Let $\xi$ be a random variable with finite exponential moments. Define two functions$$C(k)=\Bbb E[(e^\xi-e^k)^+],\,k\in\Bbb R,\quad M(z)=\Bbb E[e^{z\xi}],\,z\in\Bbb C.$$ (a) Show$$M(z)=\int_{\Bbb > R}C(k)f(z,\,k)dk$$for $z=x+iy,\,x>1$, where $f(z,\,k)=z(z-1)e^{(z-1)k}$.
(b) Show$$C(k)=\frac{1}{2\pi\text{i}}\int_{x_0+\text{i}\Bbb > R}\frac{M(z)dz}{f(z,\,k)}$$ for real $k$ and $x_0>1$.
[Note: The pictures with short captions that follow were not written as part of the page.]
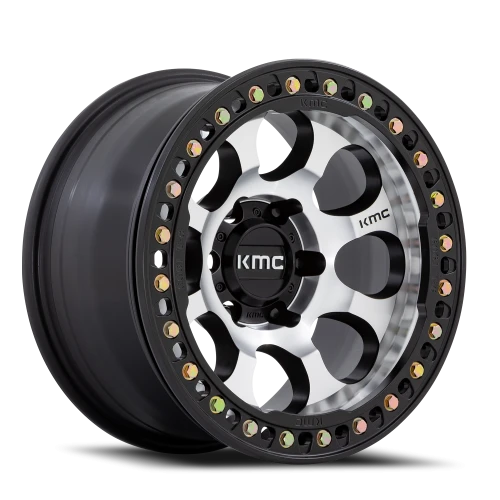 KMC Riot Beadlock KM237 SBM 17x9 -12 6x139.7mm 108mm Satin Black Machined Face-Black Windows-Black Ring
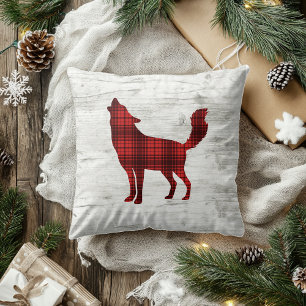 Wolf Woodland Birch Rood Buffalo Plaid Kussen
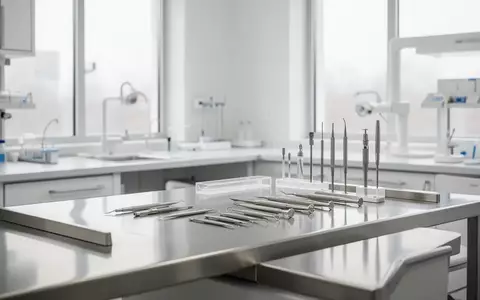 Ein minimalistisches, helles Dentallabor mit professionellen Werkzeugen auf einer sauberen Arbeitsfläche. - Foto: über boerse-global.de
You may use$$\int_{x_0+i\Bbb R}h(z)dz=i\int_{\Bbb R}h(x_0+iy)dy$$and, for real $a$ and $x_0>1$,$$\frac{1}{2\pi\text{i}}\int_{x_0+\text{i}\Bbb R} \frac{e^{az}dz}{z(z-1)}=(e^a-1)^+.$$
Hi I am stuck with the following problem: I tried to use the suggested identities but inevitable get lost with the many integrables and variables... is there a simple way to do this?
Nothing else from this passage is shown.